#### [What is required]
Where does the word "luxury" appear in the data? Copy every line that holds it.

#### [Exercise inputs]
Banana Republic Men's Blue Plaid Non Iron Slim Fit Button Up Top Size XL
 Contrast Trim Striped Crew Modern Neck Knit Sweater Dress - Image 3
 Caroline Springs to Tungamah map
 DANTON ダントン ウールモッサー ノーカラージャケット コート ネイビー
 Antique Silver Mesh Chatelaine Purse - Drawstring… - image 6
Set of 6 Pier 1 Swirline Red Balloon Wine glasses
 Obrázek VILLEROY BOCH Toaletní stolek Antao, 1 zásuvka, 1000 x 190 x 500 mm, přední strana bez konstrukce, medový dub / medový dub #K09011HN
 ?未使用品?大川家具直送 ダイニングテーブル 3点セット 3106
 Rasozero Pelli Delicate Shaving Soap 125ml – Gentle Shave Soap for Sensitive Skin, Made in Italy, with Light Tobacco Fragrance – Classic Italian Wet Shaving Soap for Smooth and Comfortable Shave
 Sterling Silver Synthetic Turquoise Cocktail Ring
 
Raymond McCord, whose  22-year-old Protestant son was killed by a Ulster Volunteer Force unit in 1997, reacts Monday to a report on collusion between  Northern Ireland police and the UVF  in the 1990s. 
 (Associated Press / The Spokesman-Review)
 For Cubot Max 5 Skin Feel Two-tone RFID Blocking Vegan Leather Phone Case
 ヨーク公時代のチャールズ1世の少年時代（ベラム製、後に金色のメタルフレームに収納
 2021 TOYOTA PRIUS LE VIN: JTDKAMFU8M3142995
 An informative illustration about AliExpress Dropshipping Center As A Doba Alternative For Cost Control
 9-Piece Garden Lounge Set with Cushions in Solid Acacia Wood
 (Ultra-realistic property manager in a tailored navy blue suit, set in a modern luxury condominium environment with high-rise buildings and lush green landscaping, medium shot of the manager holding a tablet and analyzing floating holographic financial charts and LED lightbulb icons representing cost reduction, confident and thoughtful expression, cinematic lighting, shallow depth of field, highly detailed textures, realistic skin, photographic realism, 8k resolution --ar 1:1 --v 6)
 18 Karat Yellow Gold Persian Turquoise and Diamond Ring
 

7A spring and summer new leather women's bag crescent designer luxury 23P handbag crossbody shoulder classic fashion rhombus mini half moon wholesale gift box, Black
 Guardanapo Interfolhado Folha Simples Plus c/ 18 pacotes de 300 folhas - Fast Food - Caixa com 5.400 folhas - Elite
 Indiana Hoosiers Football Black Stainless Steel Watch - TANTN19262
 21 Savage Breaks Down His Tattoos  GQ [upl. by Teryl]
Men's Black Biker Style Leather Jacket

#### [Response to this exercise]
 (Ultra-realistic property manager in a tailored navy blue suit, set in a modern luxury condominium environment with high-rise buildings and lush green landscaping, medium shot of the manager holding a tablet and analyzing floating holographic financial charts and LED lightbulb icons representing cost reduction, confident and thoughtful expression, cinematic lighting, shallow depth of field, highly detailed textures, realistic skin, photographic realism, 8k resolution --ar 1:1 --v 6)
7A spring and summer new leather women's bag crescent designer luxury 23P handbag crossbody shoulder classic fashion rhombus mini half moon wholesale gift box, Black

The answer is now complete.